East meets West in a sandwich
THE first sandwich created by France's famed one-Michelin-starred chefs, twins Jacques and Laurent Pourcel, has hit our Little Red Dot.
The sandwich, created in celebration of Delifrance's 30th anniversary, is a unique fusion of French and Asian favourites.
Aptly named Le Paris-Singapore, the sandwich - available till Aug 31 at 22 outlets islandwide - uses a combination of French and Asian ingredients, which - in Mr Jacques Pourcel's own words - "creates a link between different ingredients from different cultures".
Mr Pourcel was in town to demonstrate how to make the Le Paris-Singapore at a media session on Monday at Delifrance's HarbourFront outlet.
My Paper was invited to make the sandwich.
The thing that stood out for me is the mixture of oyster sauce and mayonnaise spread, which is a burst of flavours that teases one's taste buds.
A non-believer in anything drenched in mayonnaise, I found that the oyster sauce balanced out the usually pungent, tangy taste of mayonnaise to create a delectable combination of sweet and sour.
The neatly-packed sandwich is well thought out, from its presentation to the way a customer should eat it.
The green from the wakame (Japanese algae) and the red from the roast chicken make the sandwich visually pleasing.
The bread was not cut all the way, making it easier to keep the sandwich's fillings in place.
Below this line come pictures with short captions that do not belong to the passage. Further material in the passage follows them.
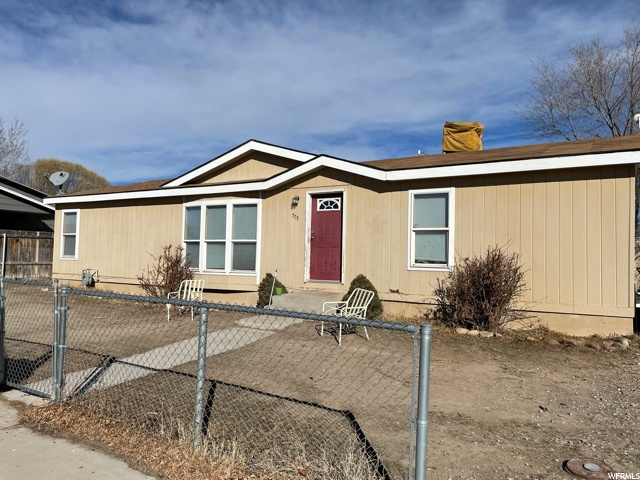 797 E Maple St, Wellington, UT 84542 — photo 3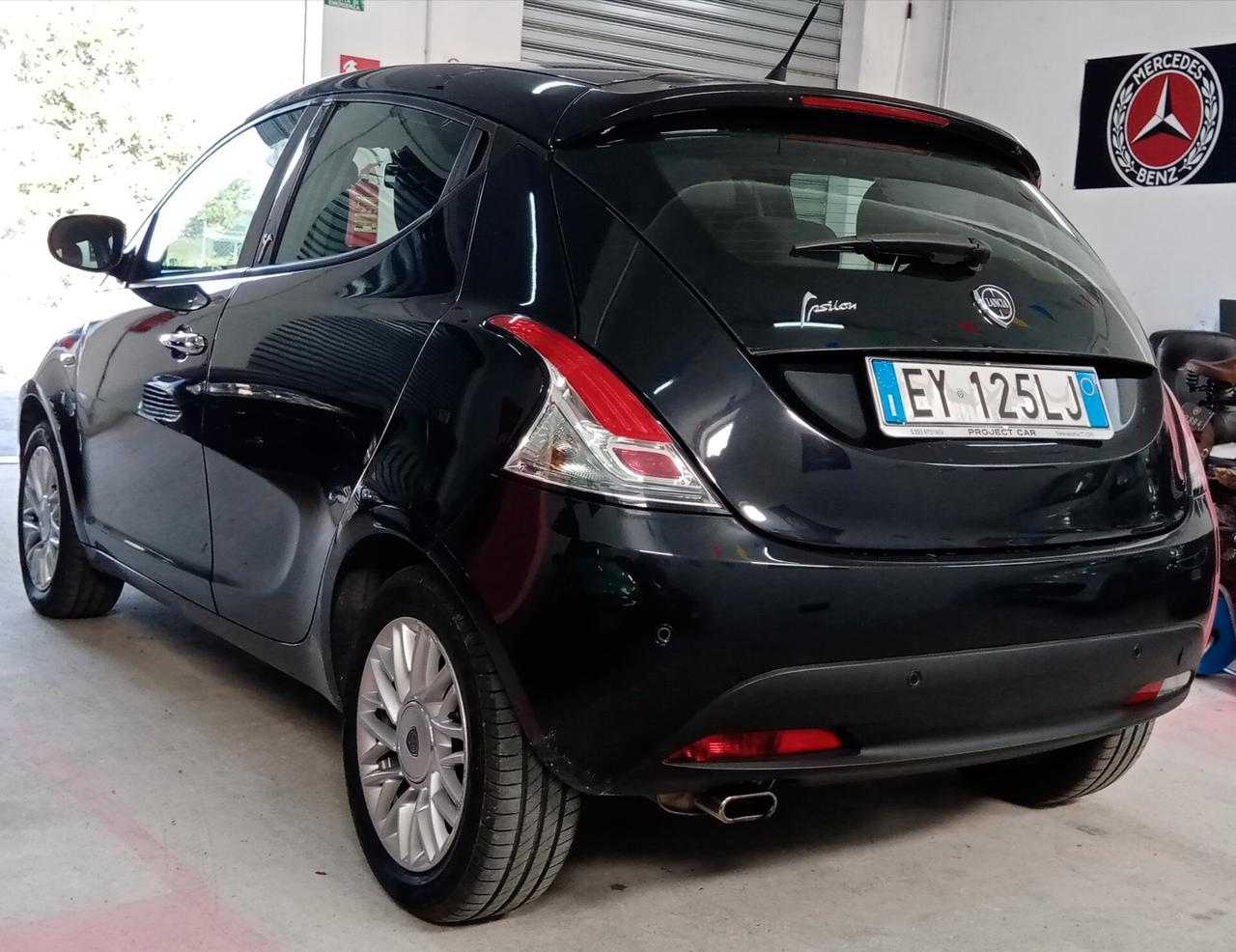 Lancia Ypsilon 1.2 69 CV 5 porte GPL Ecochic Elle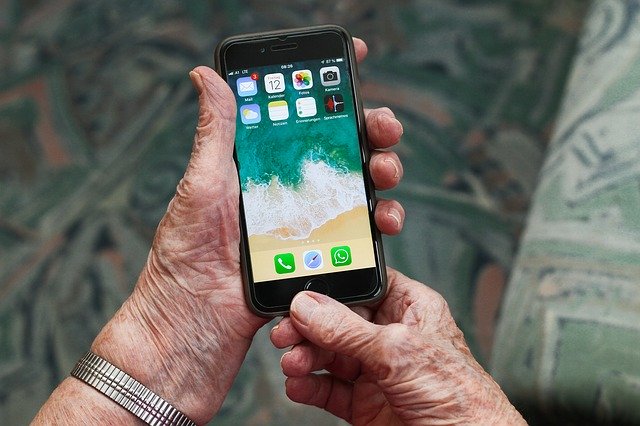 anziani_smartphone2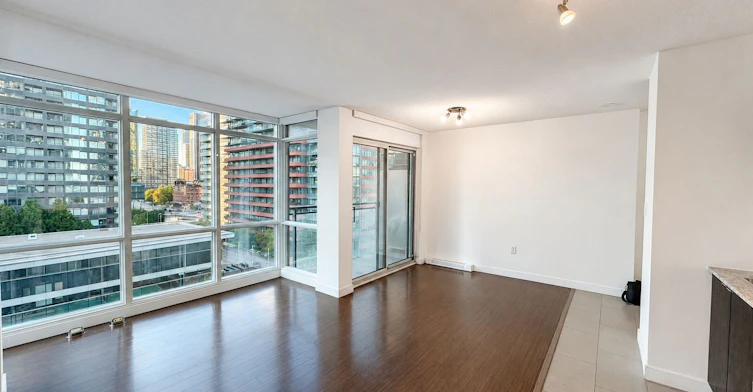 1103-15 Fort York Boulevard, Toronto, ON, M5V 3Y4 - 4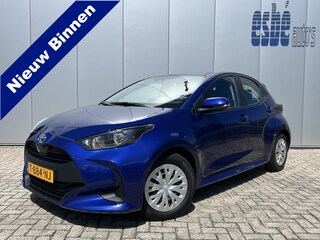 Toyota Yaris 1.5 Hybrid 116 pk Active Navigatie Camera Climate Control ACC DAB Carplay Cruise Control NL Auto 1e Eigenaar
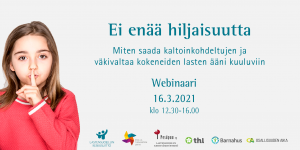 Tyttö vie sormen suunsa eteen hiljaisuuden merkiksi.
The crispness of Delifrance's stone-baked rustic French baguette, specially imported from France, adds a fine touch to the sandwich. The bread is made daily in France.
Everyone knows that good sandwich starts with good bread.
Ingredients that are found traditionally in French sandwiches include fresh mayonnaise, rustic French baguette, roast chicken and French baby spinach.
Asian-centric ingredients include wakame, Thai chilli sauce, lime, pineapple and oyster sauce.
These are combined to make the East-meets-West sandwich.
I have to admit that my creation didn't taste half as good as what Mr Pourcel made for us.
The Pourcel brothers represented France at the World Expo 2010 in Shanghai with their 6Sens restaurant, and chose to use Delifrance breads.
"The French are well-known thoughout the world for their bread and bread-making techniques, so it makes sense for me to work with Delifrance," said Mr Pourcel.
Hong Kong's version of the sandwich was launched on Tuesday.
For the sake of all foodies in Singapore, I hope that more of such gourmet creations become a staple in Delifrance outlets here.
Tip: Be generous with the oyster sauce-mayonnaise spread. It really brings out the flavour of the sandwich.
The Le Paris-Singapore sandwich is available for $10.80 at 22 Delifrance outlets islandwide.